## Supplied data

^^^^^^^^

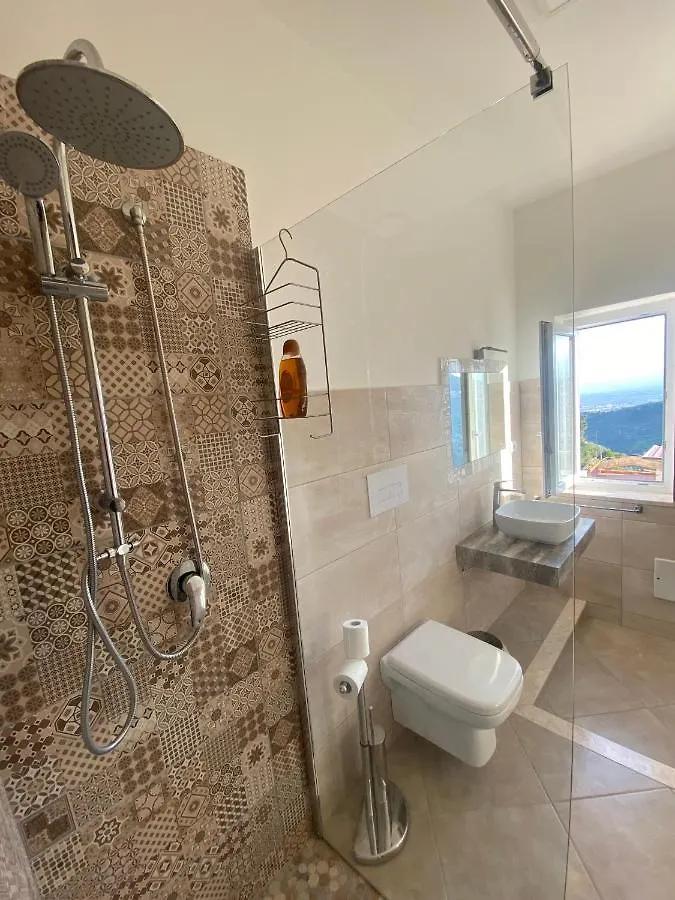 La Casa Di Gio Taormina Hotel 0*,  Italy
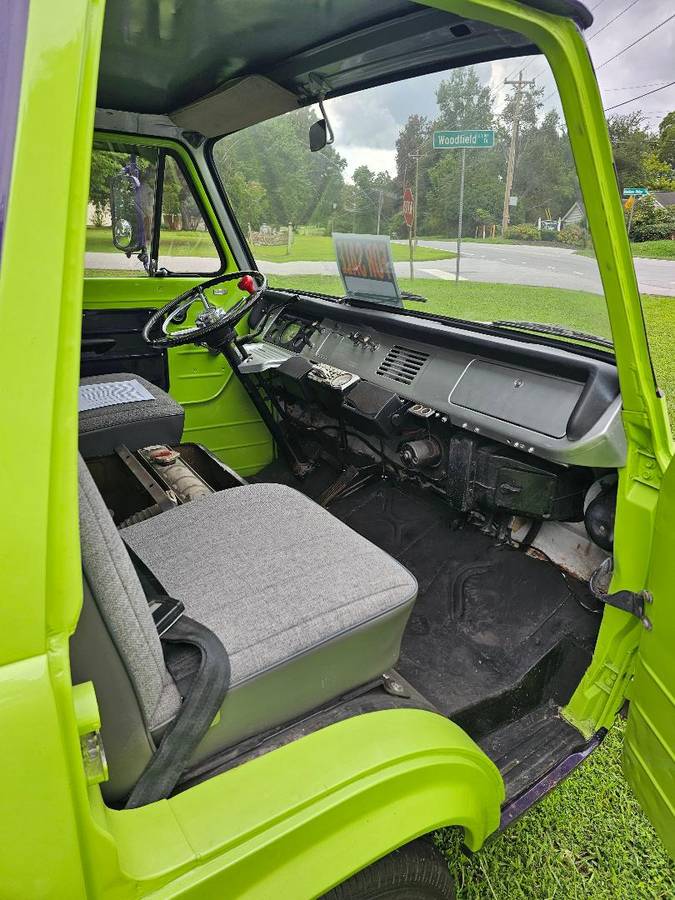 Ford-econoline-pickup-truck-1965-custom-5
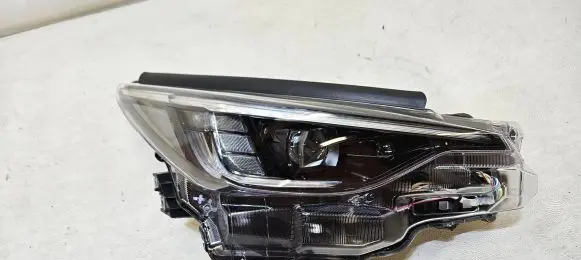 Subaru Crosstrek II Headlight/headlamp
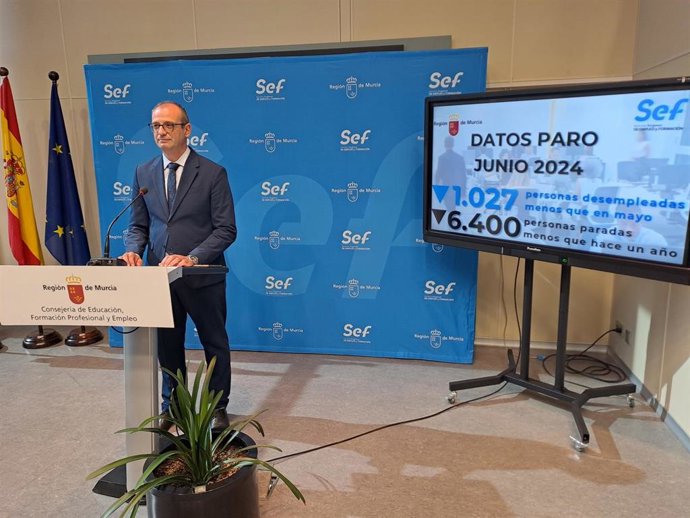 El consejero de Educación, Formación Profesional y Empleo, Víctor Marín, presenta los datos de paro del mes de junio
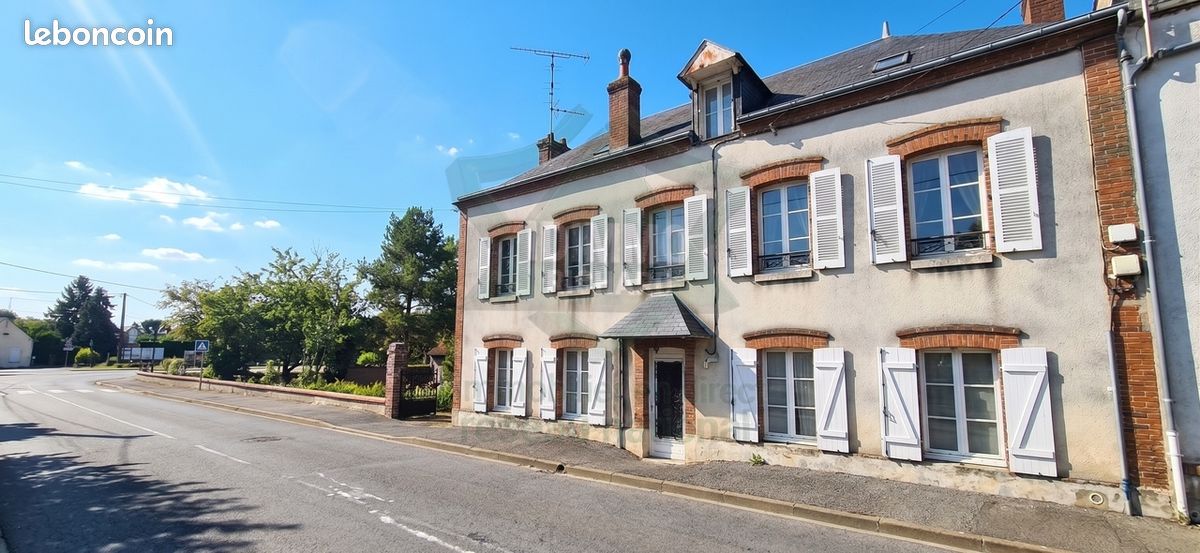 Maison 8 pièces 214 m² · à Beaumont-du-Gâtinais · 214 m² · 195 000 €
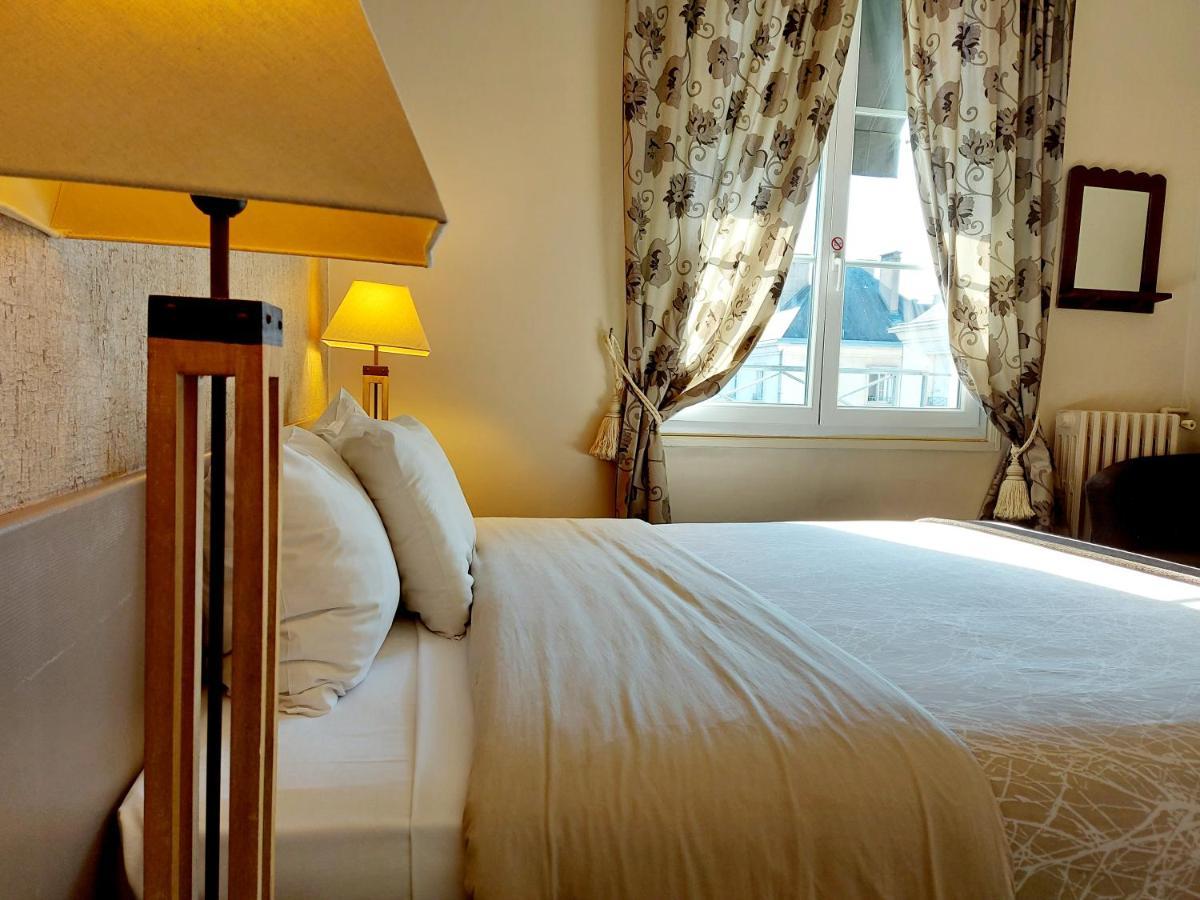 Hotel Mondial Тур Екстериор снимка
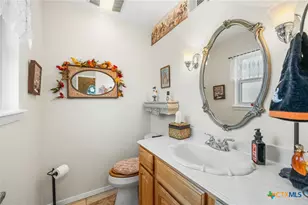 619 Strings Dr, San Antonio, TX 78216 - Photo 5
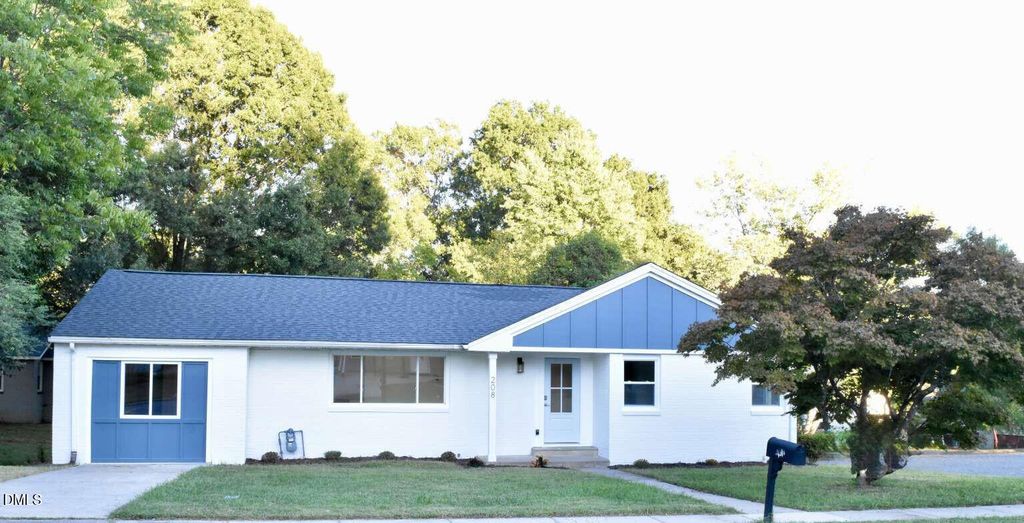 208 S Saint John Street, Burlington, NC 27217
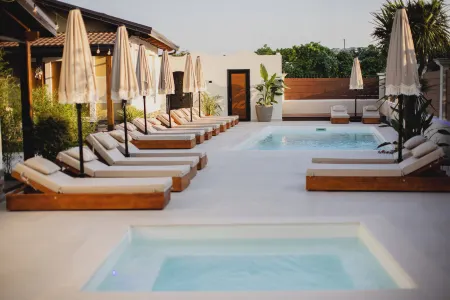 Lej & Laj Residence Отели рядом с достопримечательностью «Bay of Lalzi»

^^^^^^^^

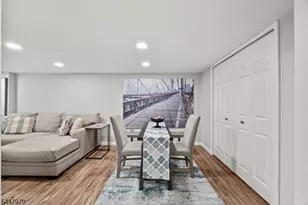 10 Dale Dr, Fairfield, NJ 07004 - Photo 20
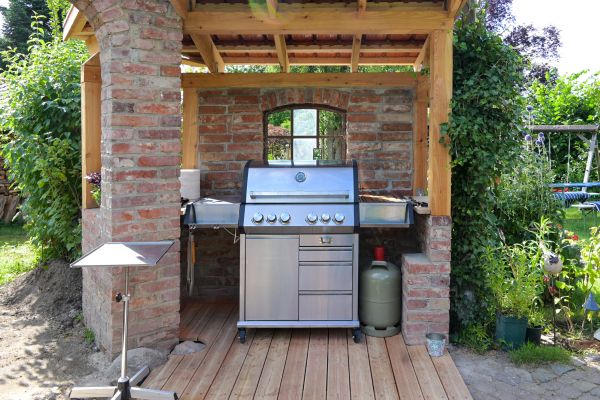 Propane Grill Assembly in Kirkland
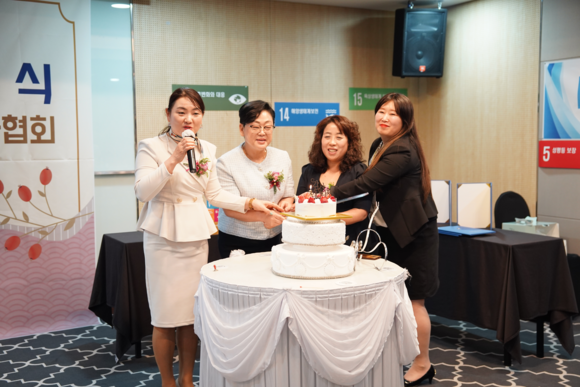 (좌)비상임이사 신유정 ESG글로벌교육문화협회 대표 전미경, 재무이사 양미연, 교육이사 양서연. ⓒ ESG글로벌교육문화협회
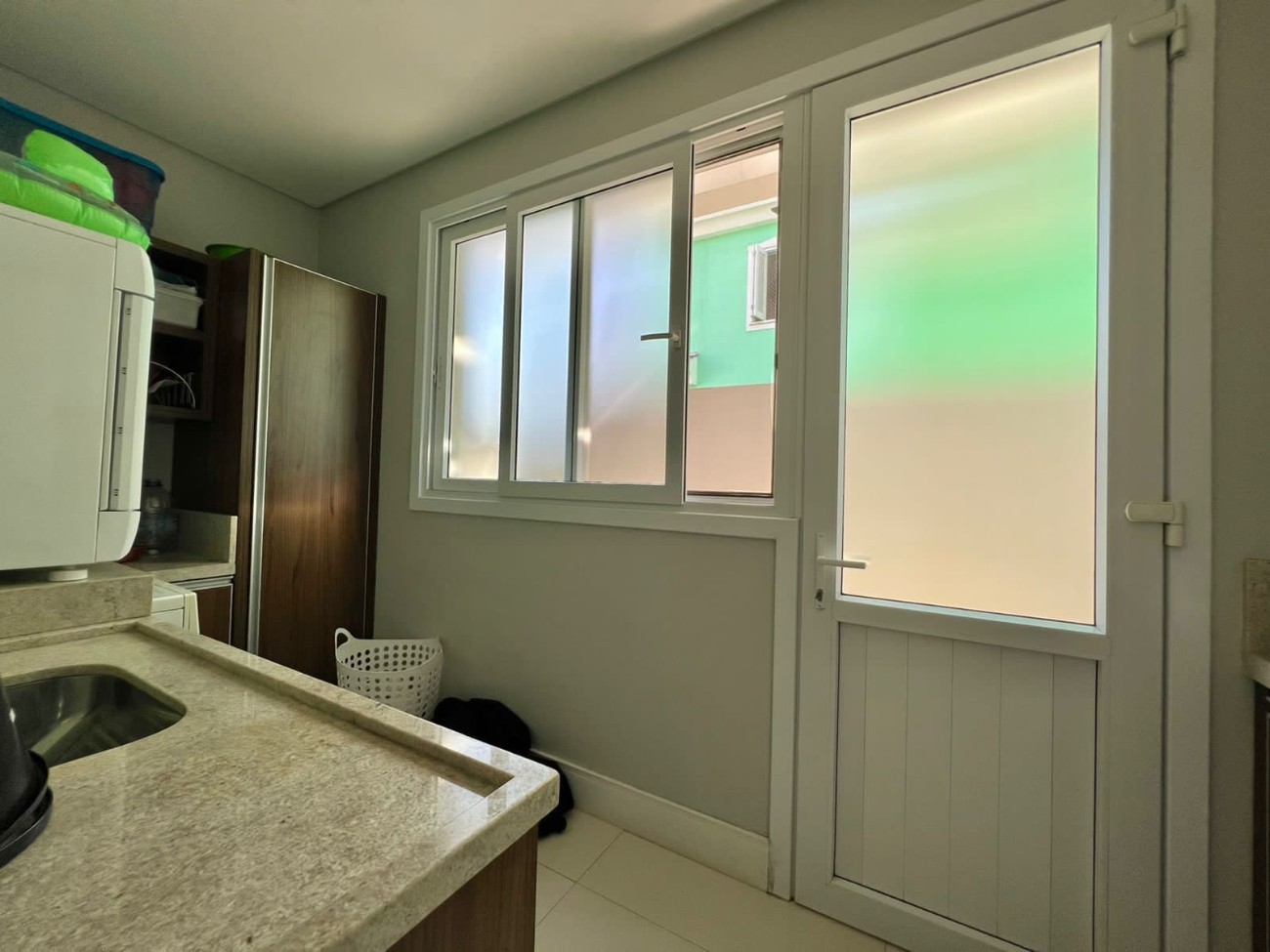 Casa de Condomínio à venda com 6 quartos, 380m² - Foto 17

^^^^^^^^

## Assignment
Output exactly the lines above that lie between the line with "(좌)비상임이사 신유정 ESG글로벌교육문화협회" and the line with "Casa de Condomínio", those two lines included, and no pictures.

## Result of this exercise
 (좌)비상임이사 신유정 ESG글로벌교육문화협회 대표 전미경, 재무이사 양미연, 교육이사 양서연. ⓒ ESG글로벌교육문화협회
 Casa de Condomínio à venda com 6 quartos, 380m² - Foto 17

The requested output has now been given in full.